- [WORK INSTRUCTIONS] The required result is an exact copy of the lines from the one containing "a living room" to the last line of the records, both ends included, without pictures.

- [EXTRACTED RECORDS]
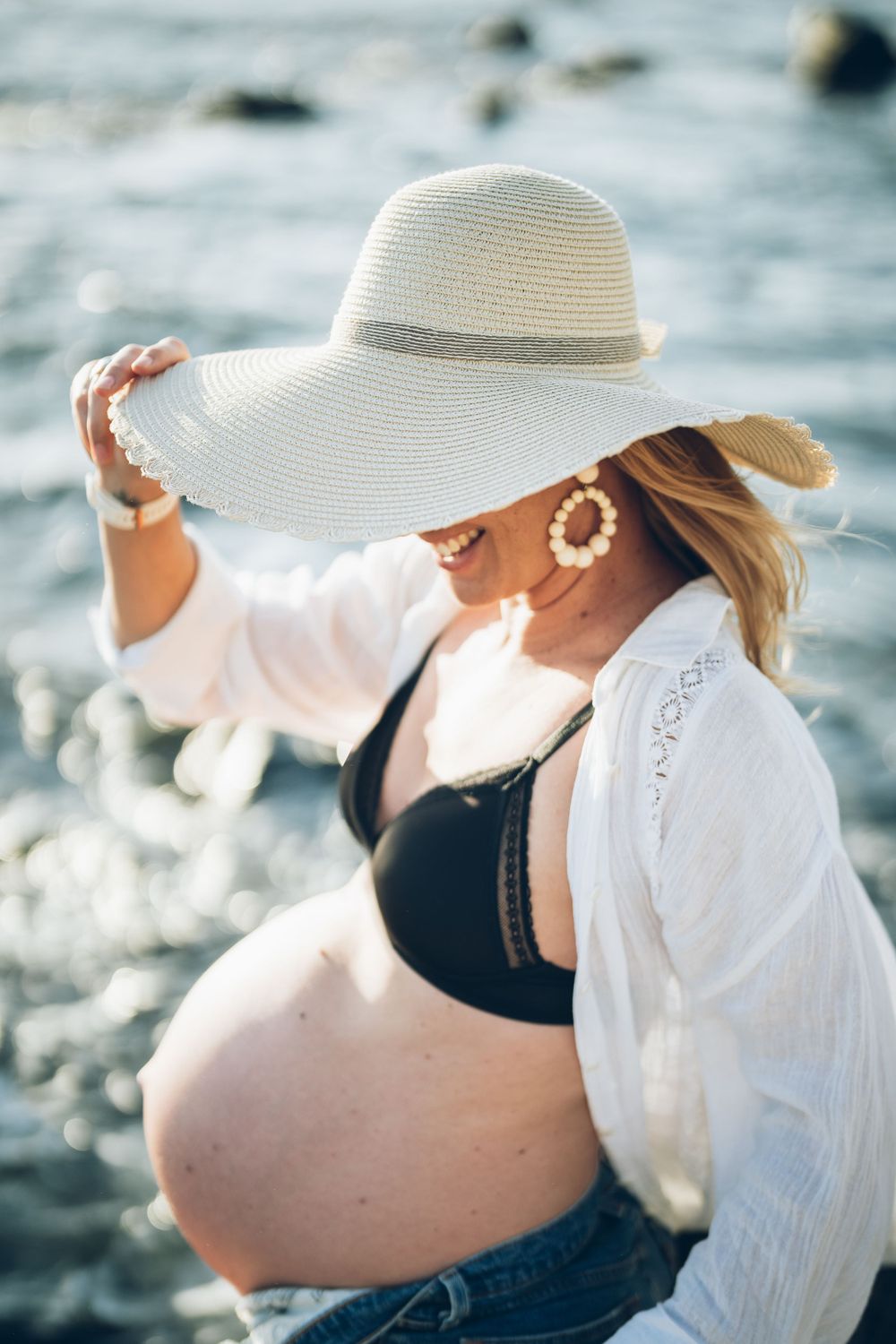 Pregnant woman in white sun hat poses by ocean wearing black swimsuit.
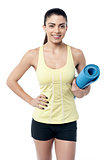 Fit woman with a gym mat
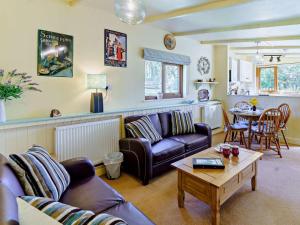 a living room with a couch and a table at 2 Bed in Lampeter oc-43293 in Tregaron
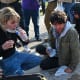 Demonstrators protesting outside the U.S Immigration & Customs Enforcement facility, including Democratic congressional candidate Kat Abughazaleh, left, react after being tear-gassed in Broadview, IL.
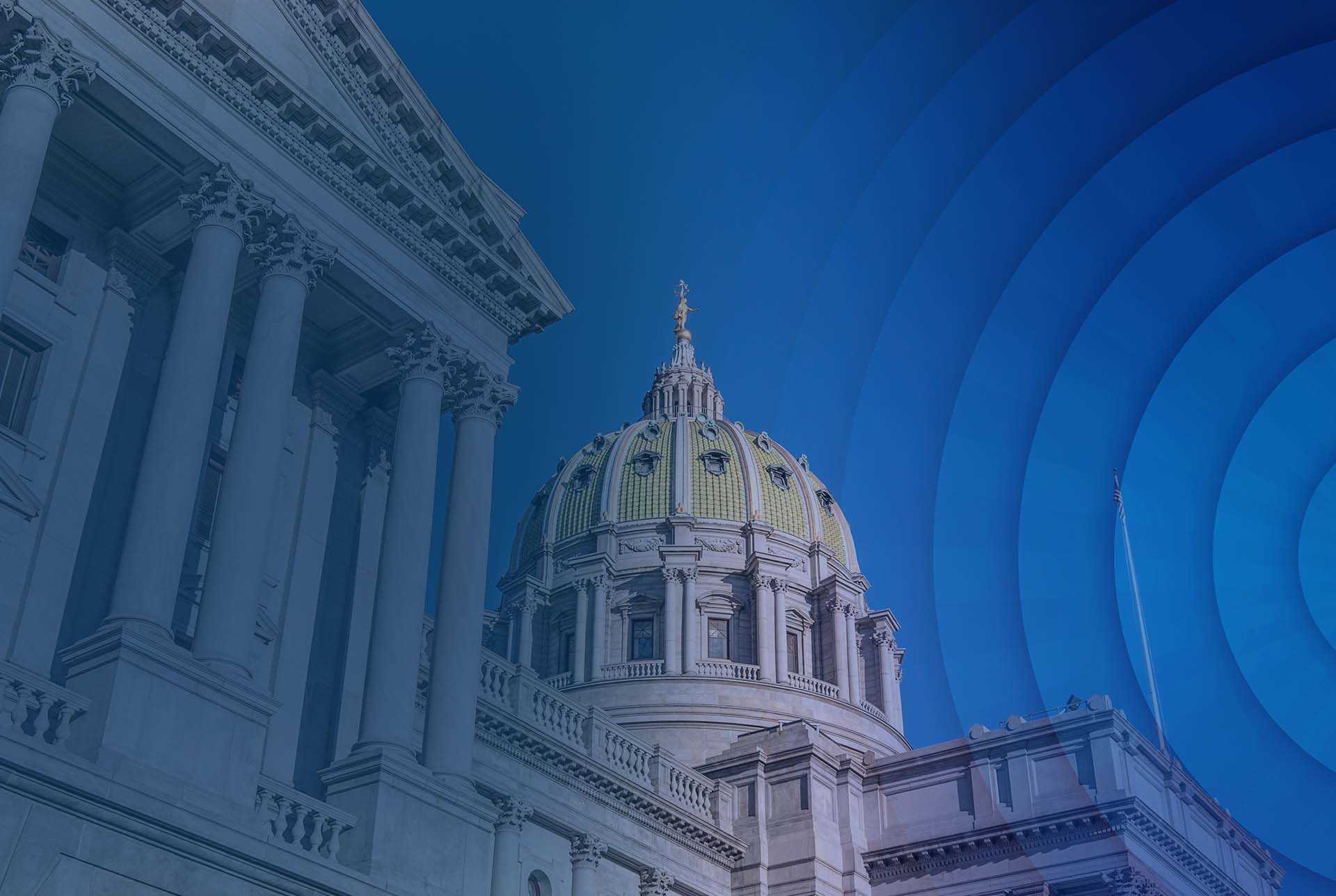 Exterior view of a grand neoclassical building with a domed roof and columns, overlaid with blue concentric circles, creating a modern, serene tone.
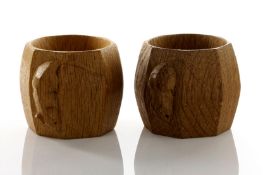 A pair of Robert Thompson ‘Mouseman’ carved oak napkin rings, of octagonal barrel form, each with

- [TASK RESPONSE]
 a living room with a couch and a table at 2 Bed in Lampeter oc-43293 in Tregaron
 Demonstrators protesting outside the U.S Immigration & Customs Enforcement facility, including Democratic congressional candidate Kat Abughazaleh, left, react after being tear-gassed in Broadview, IL.
 Exterior view of a grand neoclassical building with a domed roof and columns, overlaid with blue concentric circles, creating a modern, serene tone.
 A pair of Robert Thompson ‘Mouseman’ carved oak napkin rings, of octagonal barrel form, each with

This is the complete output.